## DATA SUPPLIED:

__________________________________________________

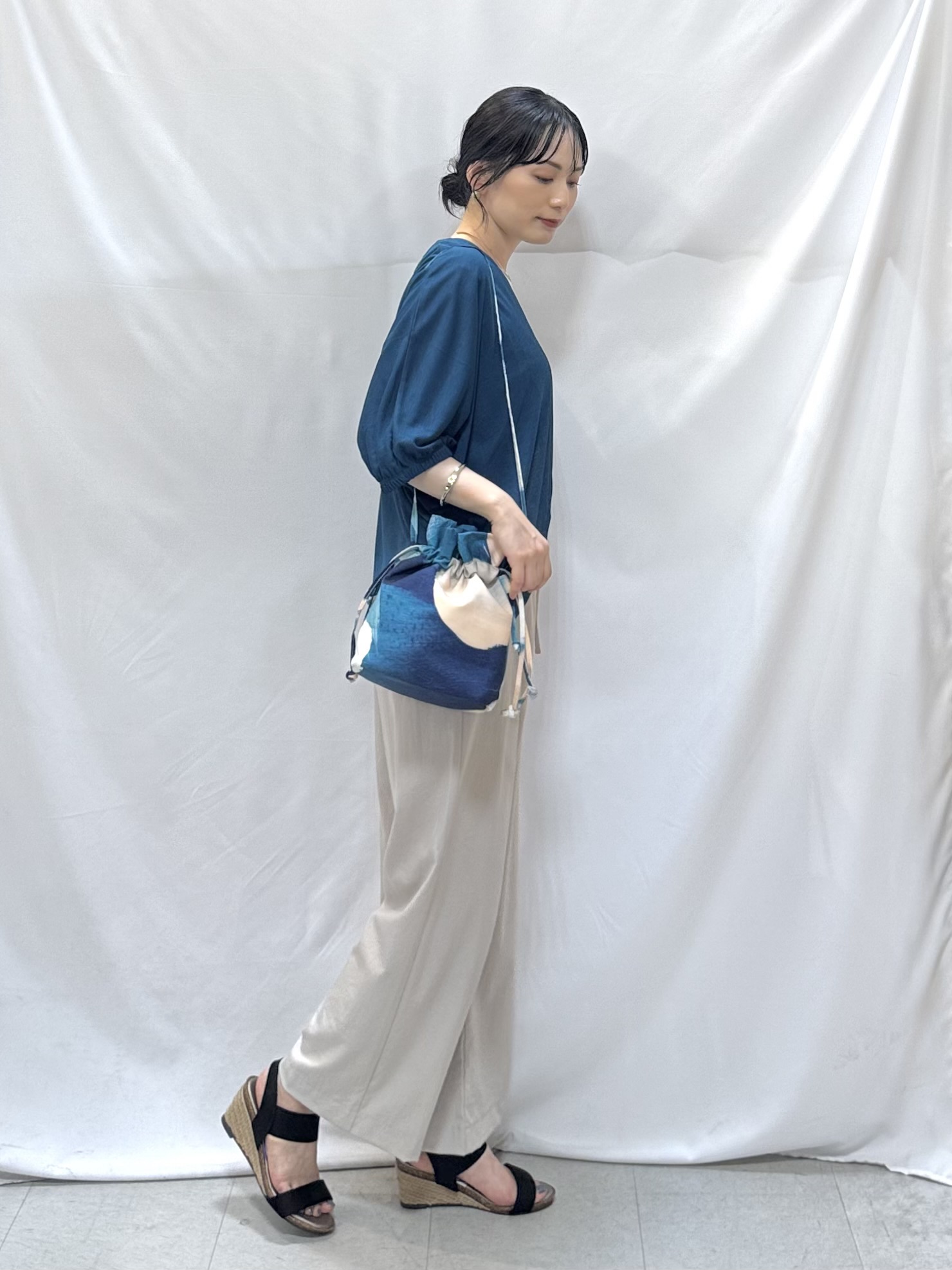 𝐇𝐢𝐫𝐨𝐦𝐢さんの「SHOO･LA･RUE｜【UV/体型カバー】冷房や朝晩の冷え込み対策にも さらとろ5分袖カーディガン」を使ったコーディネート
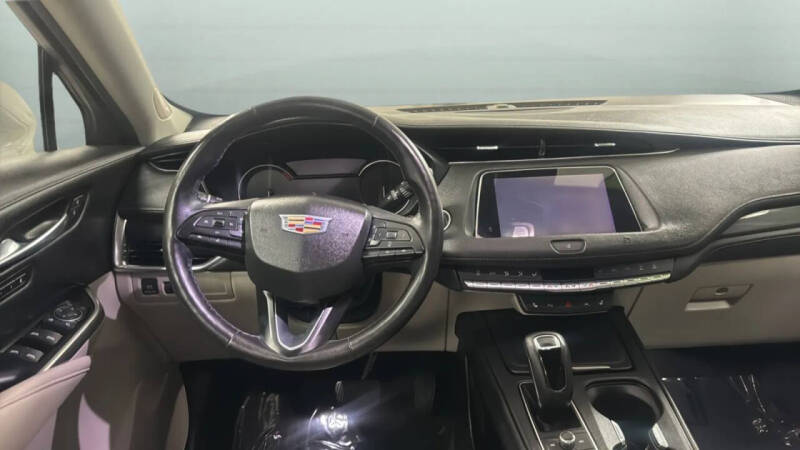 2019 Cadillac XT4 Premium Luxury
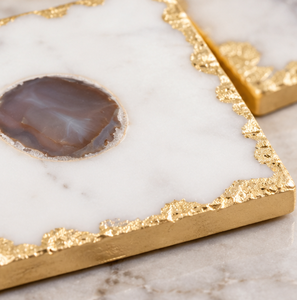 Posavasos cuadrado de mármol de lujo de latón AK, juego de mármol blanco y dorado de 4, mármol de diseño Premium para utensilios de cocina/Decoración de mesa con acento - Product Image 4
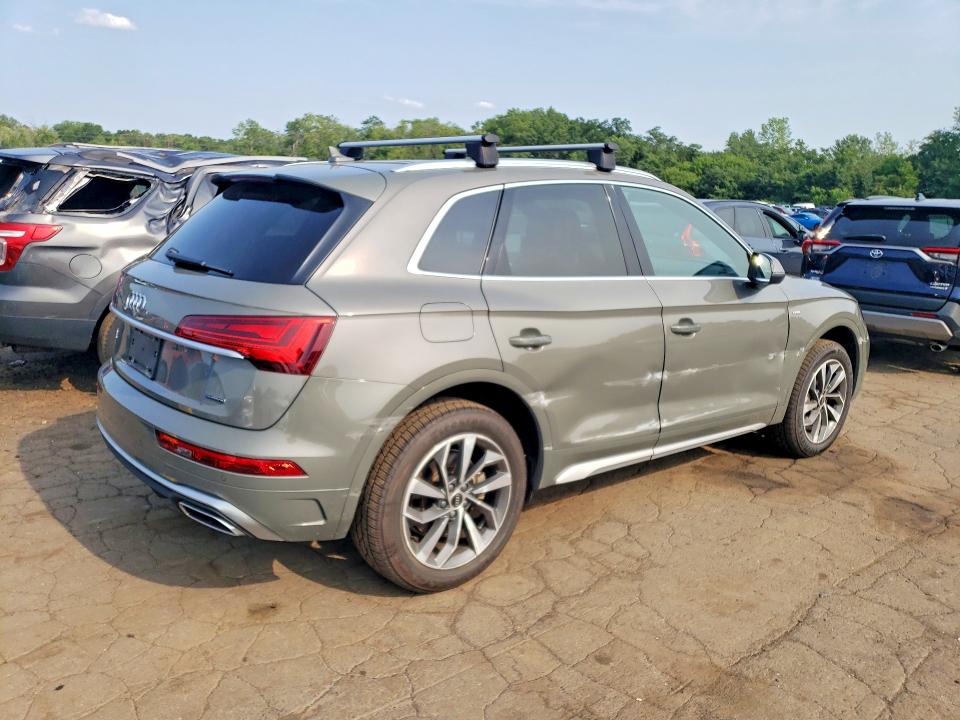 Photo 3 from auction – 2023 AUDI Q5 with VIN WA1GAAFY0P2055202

__________________________________________________

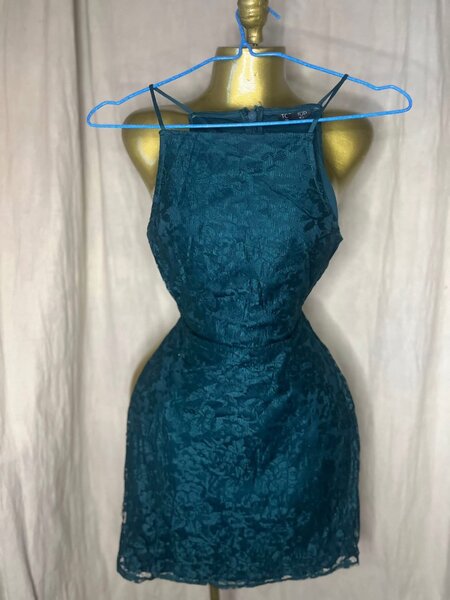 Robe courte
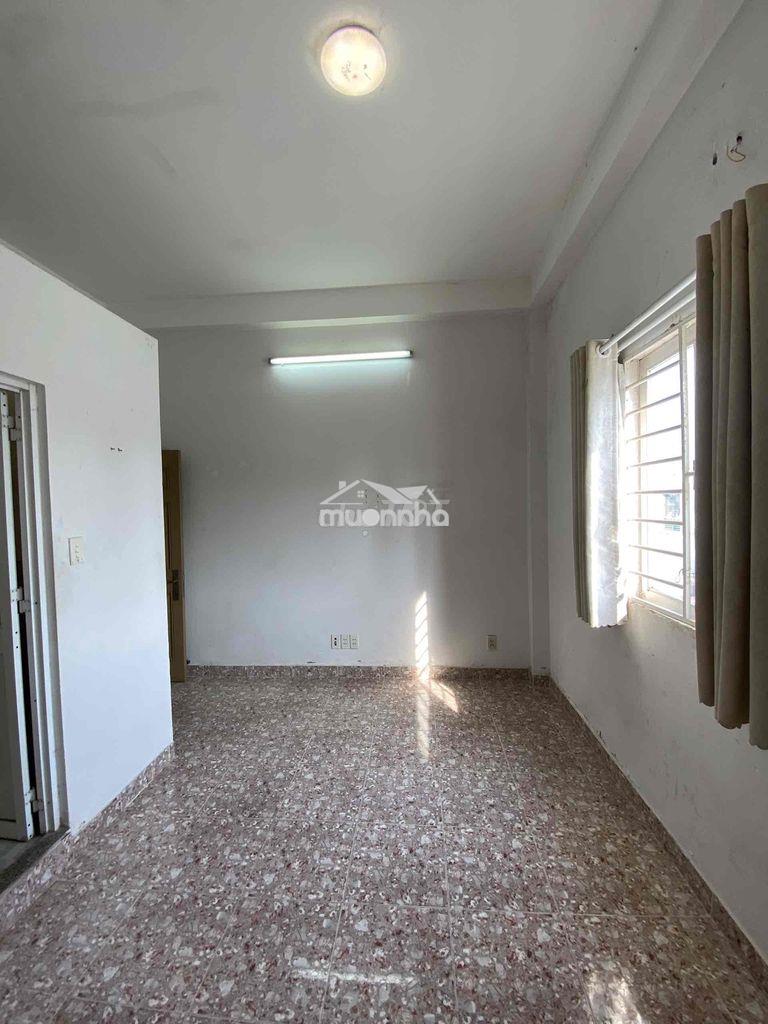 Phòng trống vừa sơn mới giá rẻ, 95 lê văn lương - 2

__________________________________________________

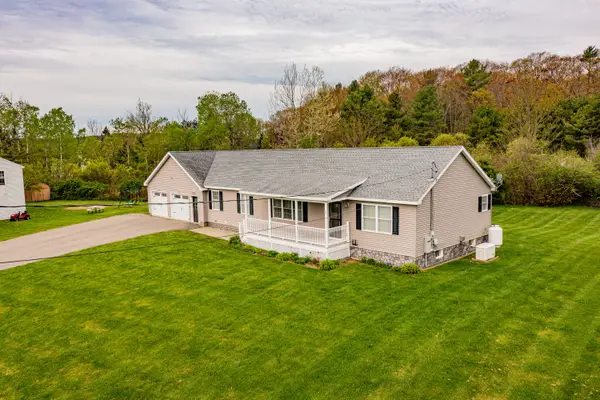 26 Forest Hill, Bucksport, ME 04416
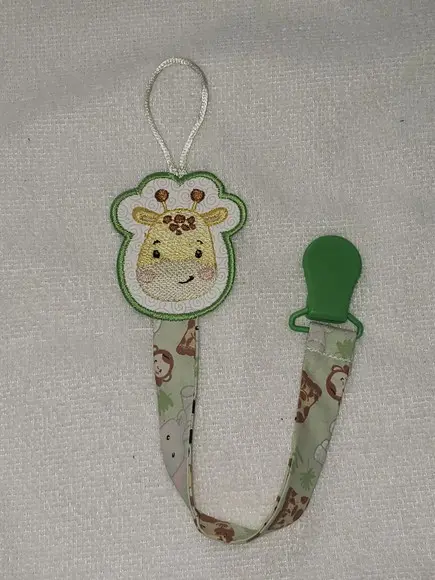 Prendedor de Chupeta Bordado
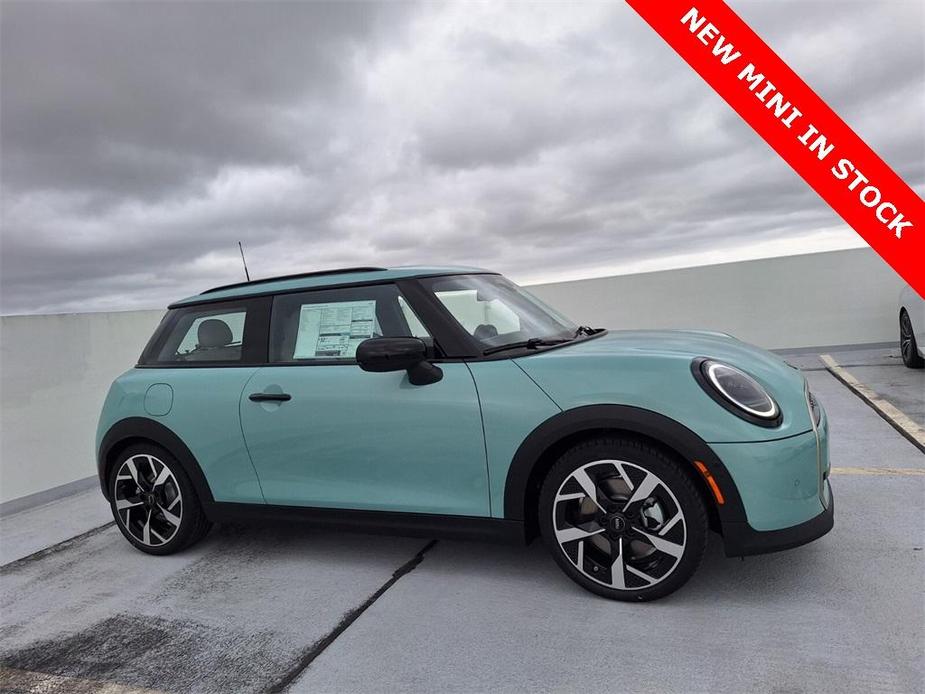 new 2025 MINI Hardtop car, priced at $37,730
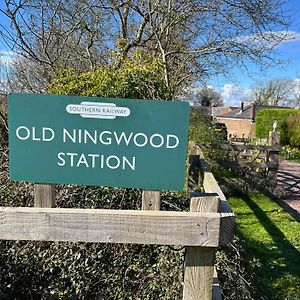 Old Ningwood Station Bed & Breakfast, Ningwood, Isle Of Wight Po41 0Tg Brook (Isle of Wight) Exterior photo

__________________________________________________

In the records above, everything from the line with "Prendedor de Chupeta Bordado" down to the line with "Old Ningwood Station" is to be set down exactly, both ends included, with no pictures and no other lines.

 Prendedor de Chupeta Bordado
 new 2025 MINI Hardtop car, priced at $37,730
 Old Ningwood Station Bed & Breakfast, Ningwood, Isle Of Wight Po41 0Tg Brook (Isle of Wight) Exterior photo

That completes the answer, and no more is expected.